In his 1961 essay “Un nouveau réalisme en sculpture,” critic Pierre Restany recounted an afternoon spent in a scrap yard with his friend the sculptor César, scrutinizing the work of an hydraulic pump as it crushed cars, ovens, trucks, and bicycles into compact bales of folded metal. When the Viscountess of Noailles gave the sculptor her new Zil, a Soviet luxury car and the only one in Paris at the time, he used the same technology to compress it to a fourth of its original volume. César’s compressions spoke to the expressive beauty and heavy symbolism of debris in post-industrial society; a discourse that never really gave in to the sexy, reifying violence of the hydraulic pump.

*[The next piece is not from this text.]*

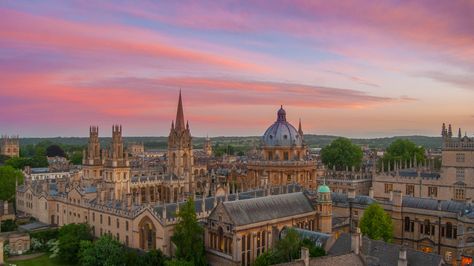 Oxford City, Cute Blue Wallpaper, Uk Universities, New College, Queen Charlotte, Desktop Pictures, Aesthetic Desktop Wallpaper, City Landscape, Oxford University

In his exhibition “An alpha disguised as a beta,” Matias Faldbakken’s compressed sculptures at Giti Nourbakhsch might be the stylistic antithesis of César’s messy realism. Discharged of their function and content, empty newspaper racks are squashed together in three bales of nine, ten and two, bending at mid-level under the tight clench of industrial straps. The sculptures are black, silver and filiform, and seem to stumble across the ascetic gallery space like emaciated models dressed in Dior Homme: vulnerable, but cheerfully aware of their own desirability on the luxury market.

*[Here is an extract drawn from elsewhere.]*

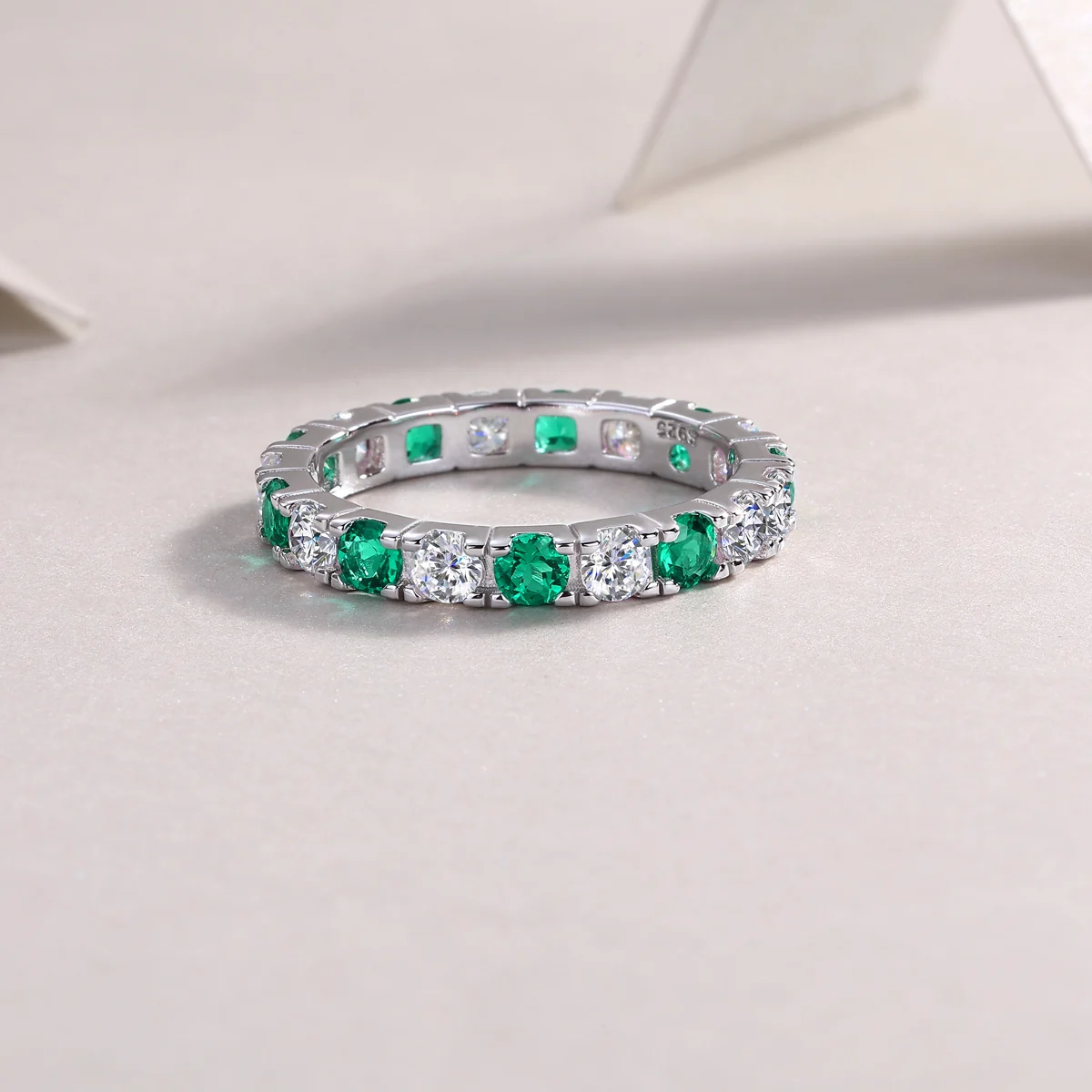 2.4g S925 Silver Platinum Plated Alternating Eternity Ring Green & White Gemstone Full Band, Stackable Dainty Promise Ring For Women, Jewelry Gift Box Set - Image 7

On the opposite wall, behind a partition, 10 photocopies are framed, each showing the same newspaper photograph of five seated men taped to a white background. Each varies minutely by cropping and the application of tape the same thrill with laconic seriality that haunts and Faldbakken’s output. On the gallery’s second floor, the room was filled with a stock of white plastic bags: the first few were framed, others overlayed and taped directly to the wall, while the rest left as a pile by the door. Each reads “THE ZZZZZ,” printed in black Helvetica. Scribbled acronyms, obliterated words, and black marker strokes deface most bags, sketching out a disarmingly unambiguous vernacular of nihilism: from language to chatter, chatter to babble, and babble to confusion.
Faldbakken’s delivery is deliberately crude, stylized such that the installation appears to have occurred according to depressive gravitational pull, in the same way that the news racks were carelesly dumped across the floor. The artist was once quoted describing a feeling of being “upset because there’s nothing to be upset about.” When negation folds on itself, it splits and blurs and ceases to operate dialectically, orwith clear motives. The compressed news racks could have resulted from the violence of over-zealous storage-space managers, or a disgruntled caretaker. Either way, the works belong to a system of administration and maintenance, one in which any perverted negative always a distorted positive affirmation.